Accused, Muskan in Meerut 'blue drum' case, being arrested by the police.
Credit: PTI Photo
Lucknow: In a year when Uttar Pradesh grappled with violent crime, some of the most disturbing cases were not about strangers or organised gangs, but about families imploding from within — where trust collapsed, blood ties snapped, and relationships ended not in separation but in death.
Police records, post-mortem reports and court proceedings across districts told variations of the same story of relationships curdling into hostility and private disputes turning fatal.
One of the most chilling cases surfaced in September when police in Sambhal uncovered what they described as an "insurance mafia" operating from within a family.
It was alleged that Vishal Singhal killed his parents years apart and later his ex-wife, to claim insurance payouts exceeding Rs 50 crore. His mother's death in 2017 and his father's death in April this year were projected as road accidents and quietly closed at the time.
It was only after a woman from Meerut approached police that the pattern emerged – 64 insurance policies, staged accidents and deaths spread over eight years, all allegedly orchestrated by the son.
"The motive was money, but the betrayal was of a different order," a police officer involved in the probe said privately.
Barely months later, another horror unfolded in Jaunpur, where a retired railway employee and his wife were killed by their own son.
In Ahmadpur village, on December 8, Ambesh allegedly bludgeoned his mother to death with a pestle after a fight over money. When his father tried to intervene and alert the police, he too was killed. The bodies were dismembered and dumped in the Gomti River. For days, the accused misled family members before confessing.
If money fractured families, marriage too proved volatile.
In Varanasi, 26-year-old Aarti Pal was allegedly beaten to death by her husband just a week after their wedding in May. In another case from the city, Rahul Mishra, 30, died by suicide in December, leaving behind a video accusing his wife, her alleged lover and his mother-in-law of harassment.
Police booked the three for abetment of suicide.
Property disputes turned deadly in Ghazipur in July, when Abhay Yadav allegedly hacked his parents and sister to death after discovering that a piece of land that he thought must go to him had been transferred to his sister.

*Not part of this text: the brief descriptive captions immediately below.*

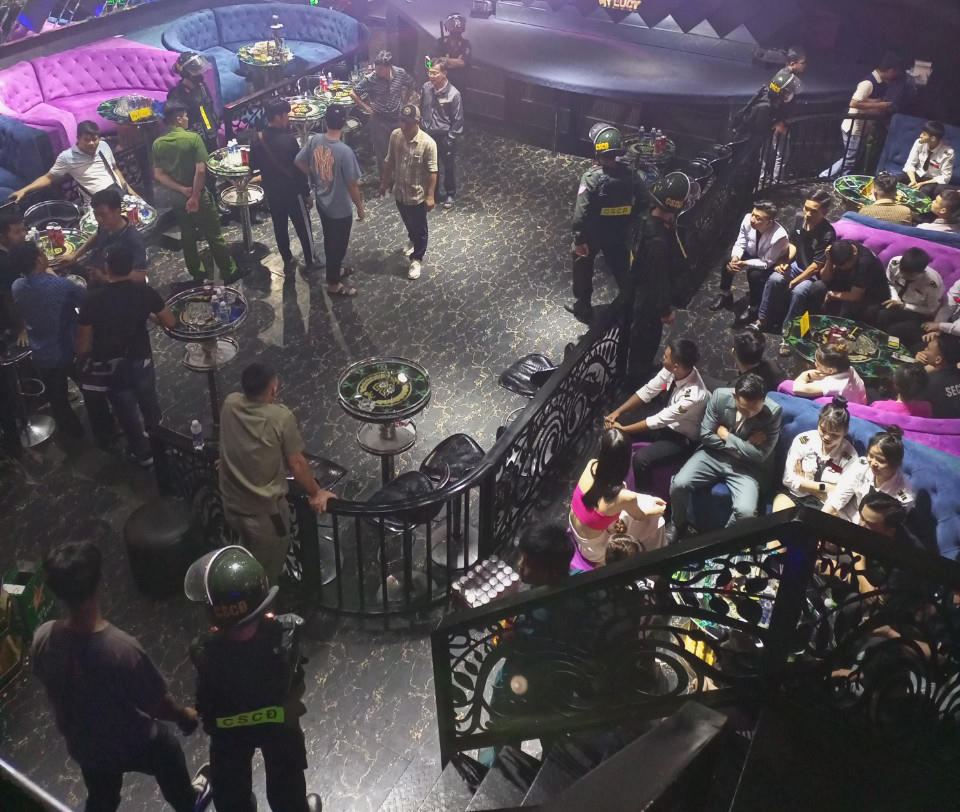 Bình Phước: Đột kích quán Boom Boo Club, phát hiện nhiều người dương tính ma tuý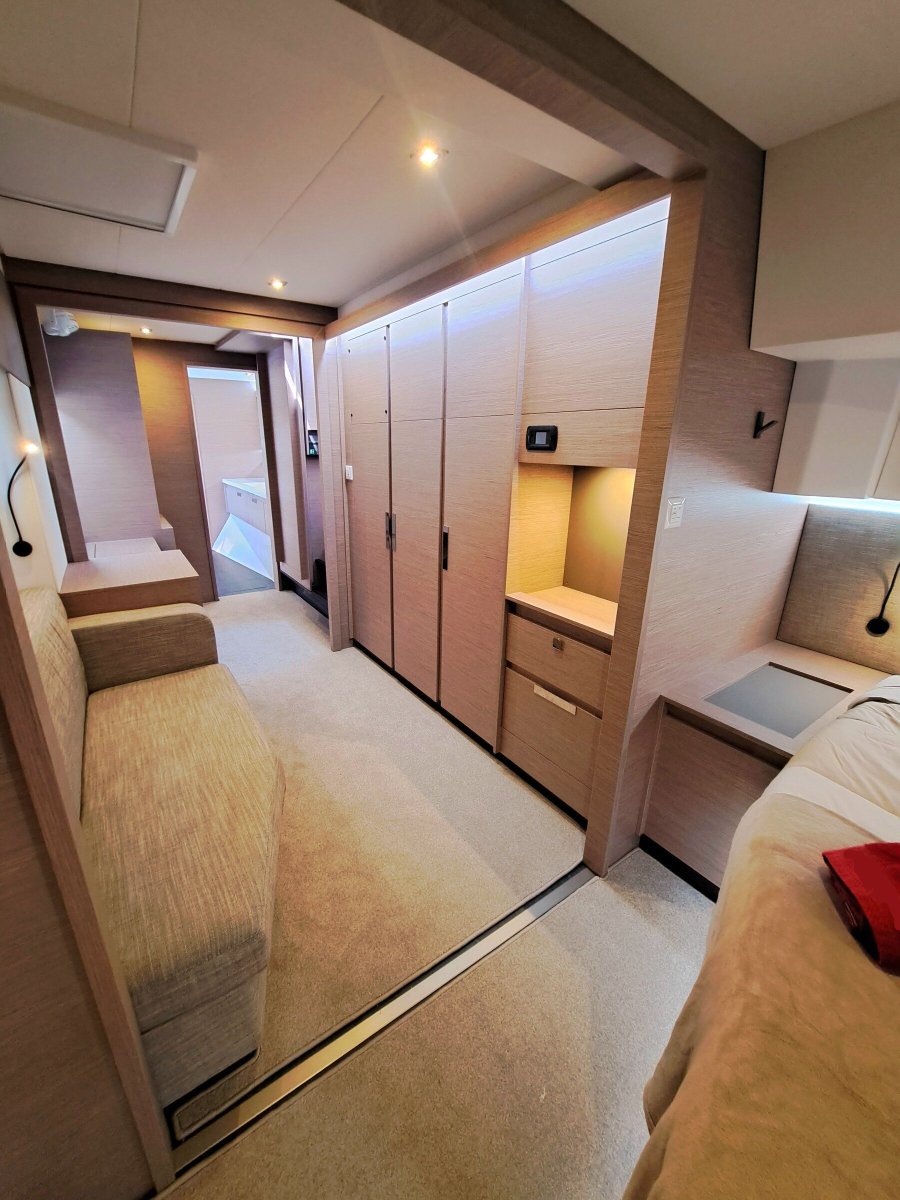 Cruce del Atlántico en Catamarán: Aventura en Flotilla y Navegación con Sextante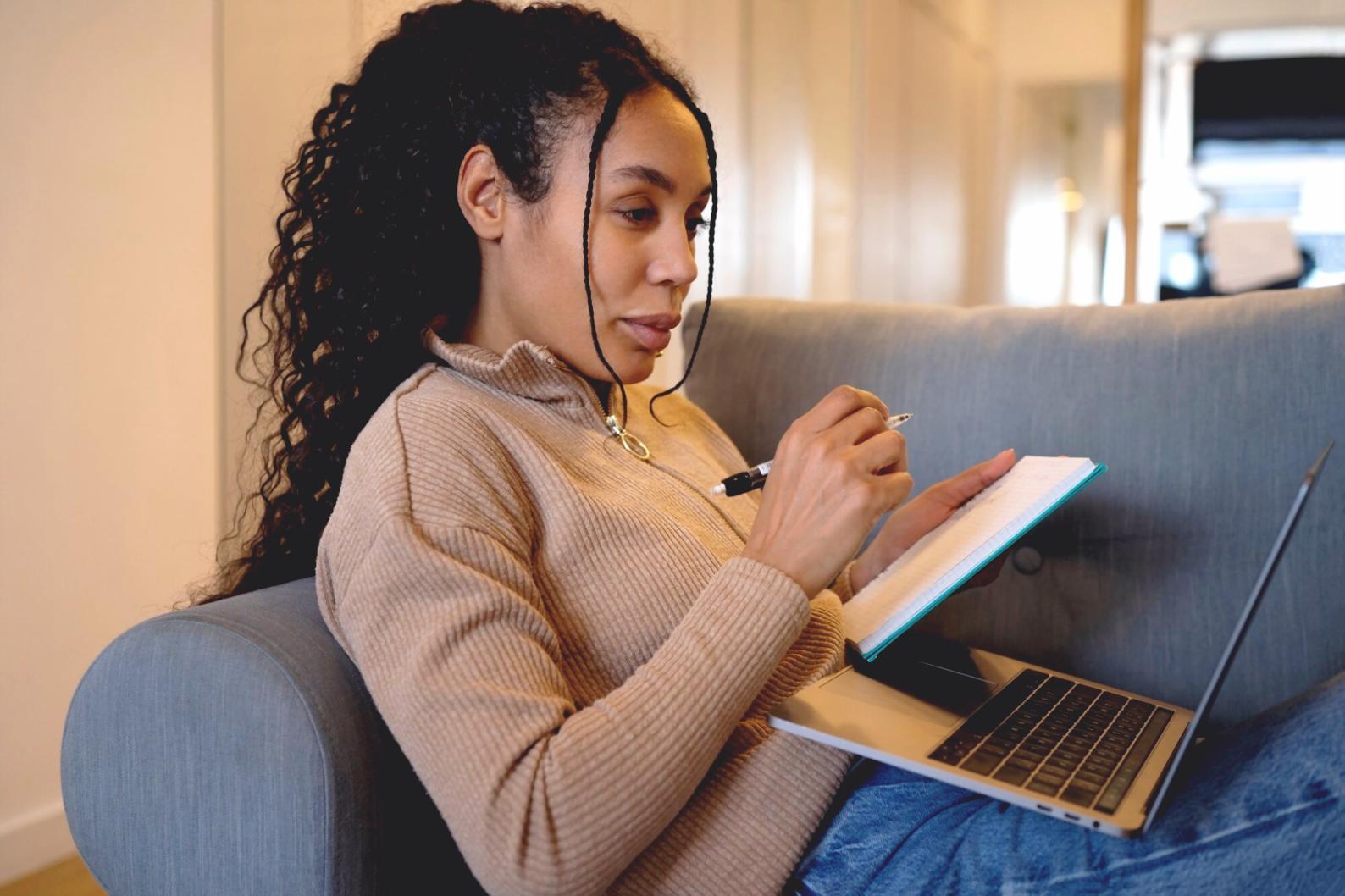 Profesionales trabajando en análisis financiero colaborativo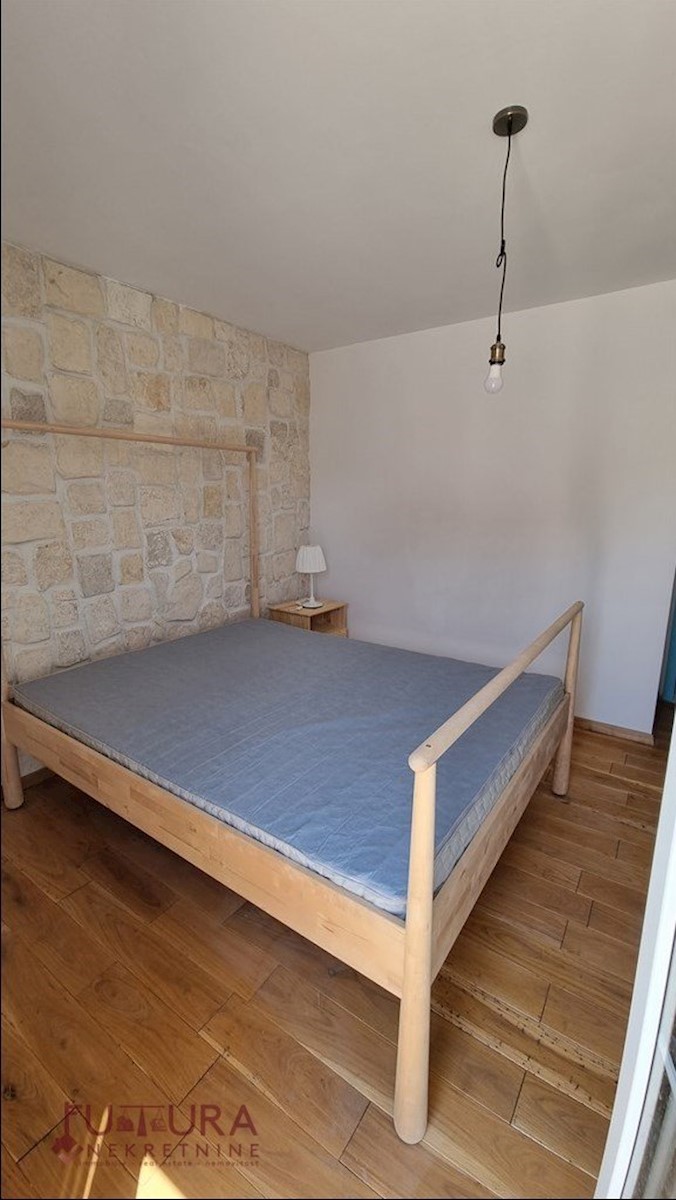 Hiša Na predaj - ZADARSKA NIN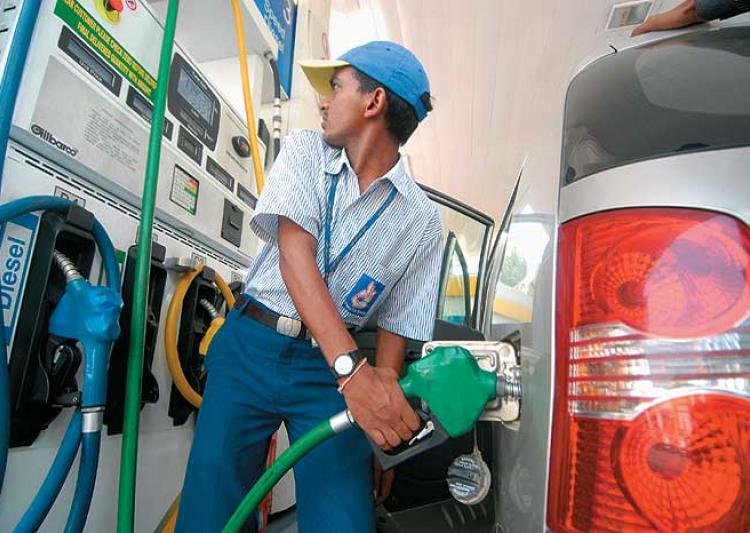 પેટ્રોલ ડિઝલના ભાવ થઇ શકે છે સસ્તા Beware Of Fraud At Petrol Pump This Is How You Are Cheated And How You 5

The incidents unfolded alongside a broader churn in personal relationships that repeatedly made headlines across the state — extramarital affairs ending in murder, marriages collapsing within days, and families redefining boundaries in startling ways.
In Sant Kabir Nagar, Bablu, after discovering his wife's extramarital affair, decided to marry her off to her lover. "I preferred peace over confrontation," Bablu told PTI. Referring to the headline-grabbing Meerut 'blue drum' murder, he said fear of escalating violence shaped his decision.
In Farrukhabad, Rahul separated from his wife, Vaishnavi, to help her remarry, even as the couple await a formal divorce.
In Aligarh, a woman eloped with the man her daughter was set to marry just days later, leaving the family shocked. The daughter told the media that while there were signs of frequent phone conversations, no one imagined such a turn.
Not all such cases had a pacifist ending — some left behind a trail of blood.
In Bijnor, Shivani's claim that her husband died of a heart attack collapsed after an autopsy revealed strangulation. I n Auraiya, a marriage lasted just 15 days before the woman, her lover, and a contract killer allegedly murdered her husband. Others reflected bold, if unsettling, choices.
In Budaun, Mamta, a 43-year-old mother of four, eloped with her daughter's father-in-law after a year-long affair.
In Siddharthnagar, two married villagers ran away and married each other, leaving behind their spouses and nine children.
In Amroha, a twice-married woman converted to Hinduism and married an 18-year-old schoolboy, despite having three children from previous marriages.
The Meerut 'blue drum' case cast a long shadow in public discourse.
Police alleged Muskan Rastogi and her partner murdered her husband, dismembered his body and concealed it in a cement-filled drum — a case that became a subject of a rash of memes and a shorthand for spousal brutality.
Equally disturbing was the snakebite murder case from Baghpat, where police alleged that a woman and her lover killed her husband and passed it off as death caused by a venomous snake.
Counselling psychologist Supriya Das said these were not isolated crimes but symptoms of deeper social shifts. "There is growing intolerance for emotional dissatisfaction, coupled with impulsive decisions during conflict," she said.
Police pointed out that while motives vary — greed, jealousy, suspicion or control — the common thread is the collapse of dialogue. "In many cases, there was prolonged tension. Instead of mediation or separation, people chose violence," an officer said.